Migrating to Polars / Pandas (dataframes)
Polars (Rust, with Python bindings) and
Pandas (Python) are dataframe libraries: labeled columns,
heterogeneous types, group-by, joins, pivots, and query expressions. They solve a different
problem than matten, which is a numeric Tensor. Reach for them when your real need is
tabular analytics, not array math.
The boundary you are crossing
matten-data is an ingestion on-ramp: it reads CSV/table data and hands you a numeric
Tensor. It is intentionally minimal and will not grow group-by, joins, pivots, or
query expressions. If you find yourself wanting any of those, that is the signal to move the
tabular layer to a dataframe library — it is not a missing matten-data feature.
matten-data → CSV/table → numeric Tensor (on-ramp only)
Polars/Pandas → group-by / join / pivot / query / labeled columns
Choose this target when
- You need group-by, joins, pivots, windowing, or query-style selection.
- Your data is tabular and heterogeneous (mixed column types, labels, nulls as a first-class concept).
- You want to explore/clean tabular data interactively before any numeric step.
Do not choose this target when
- Your data is already a clean numeric array and you only need array math →
ndarrayor stay withmatten. - You need decompositions/solvers →
nalgebra. - The tabular step is a one-time CSV-to-numeric on-ramp →
matten-dataalready covers it.
Concept mapping
matten / matten-data | Polars / Pandas |
|---|---|
Table::from_csv_str(..) (on-ramp) | pl.read_csv(..) / pd.read_csv(..) |
numeric Tensor (homogeneous f64) | a DataFrame of typed, labeled columns |
select columns then to_tensor() | df.select([..]), then to ndarray/NumPy if needed |
| (not available) group-by / join / pivot | df.group_by(..), df.join(..), pivots |
Example migrations
data_00_quickstart→ if the next step is group-by/join/pivot rather than array math, read the CSV straight into Polars/Pandas instead ofmatten-data.- A CSV → clean → single numeric pass with no tabular analytics → stay with
matten-data; it is the right size for that.
Conversion path
The usual pattern is not to convert a matten tensor into a dataframe, but to enter
the dataframe library at the data source:
have a CSV and need tabular analytics? → read it directly into Polars/Pandas
already have a numeric matten Tensor? → export its columns if you must, but prefer
doing tabular work upstream of matten
If you genuinely need to move a numeric Tensor into a dataframe, export its data
(tensor.to_vec() / tensor.shape()) and build columns in the dataframe library; the exact
constructor depends on the library and version, so follow its current docs.
Common pitfalls
- Don’t wait for
matten-datato grow tabular features. It will not. Recognize the boundary early. - Round-tripping is usually wrong.

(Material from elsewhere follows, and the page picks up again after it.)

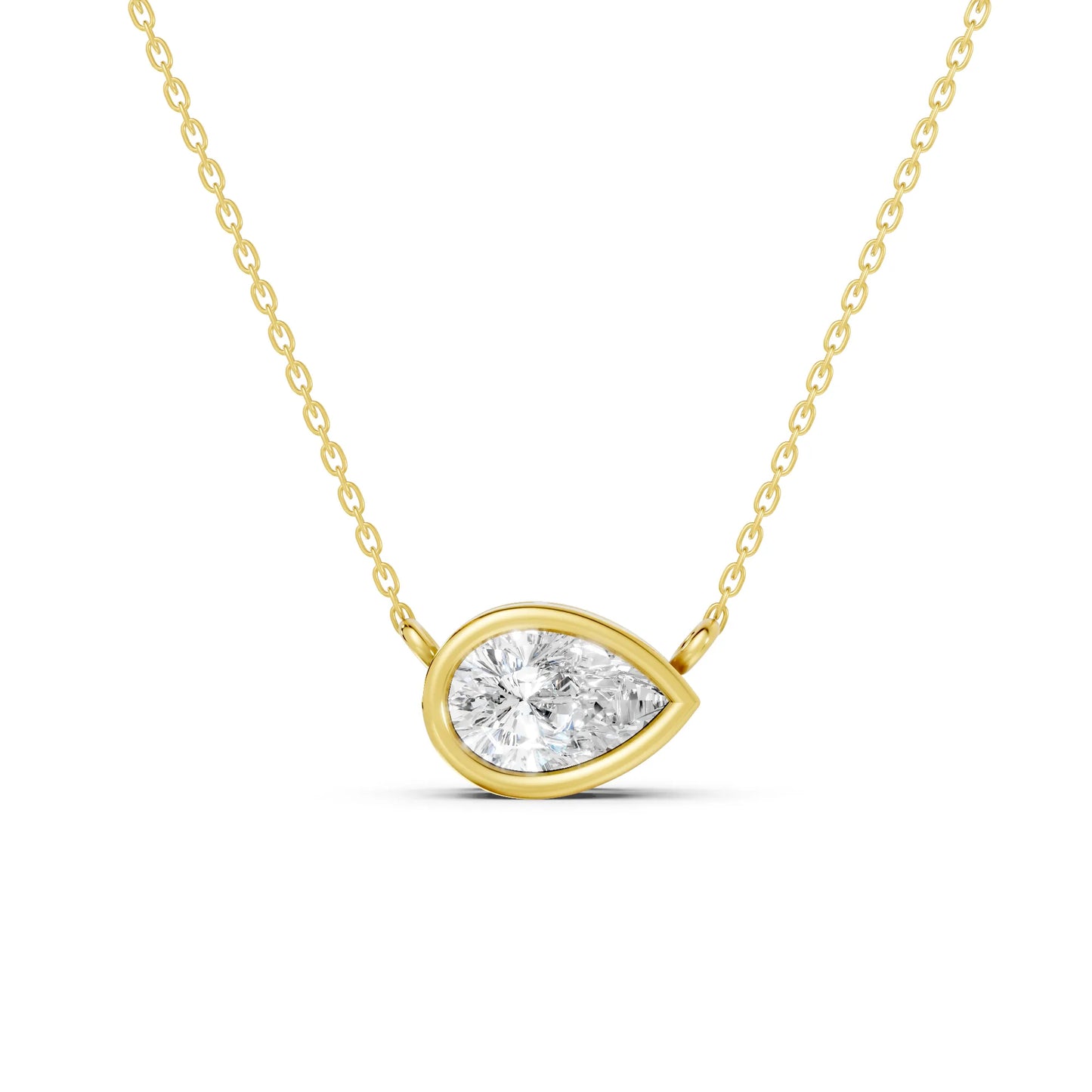 18K Gold Pear Cut Diamond East - West Bezel Necklace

If tabular work is the point, do it in the dataframe
library from the start rather than converting back and forth with
matten.
Performance / positioning notes
There is no matten-vs-dataframe benchmark: a numeric tensor and a dataframe are
different paradigms, and a cross-library/cross-language ecosystem comparison would be
RFC-049 Phase 3, which is not authorized. Choose by capability and ecosystem fit
(do you need tabular operations?), not by a measured speed comparison.
Minimal checklist
- Your real need is tabular (group-by/join/pivot/query), not array math.
- You enter the dataframe library at the data source rather than round-tripping.
- You are not waiting for
matten-datato grow dataframe features.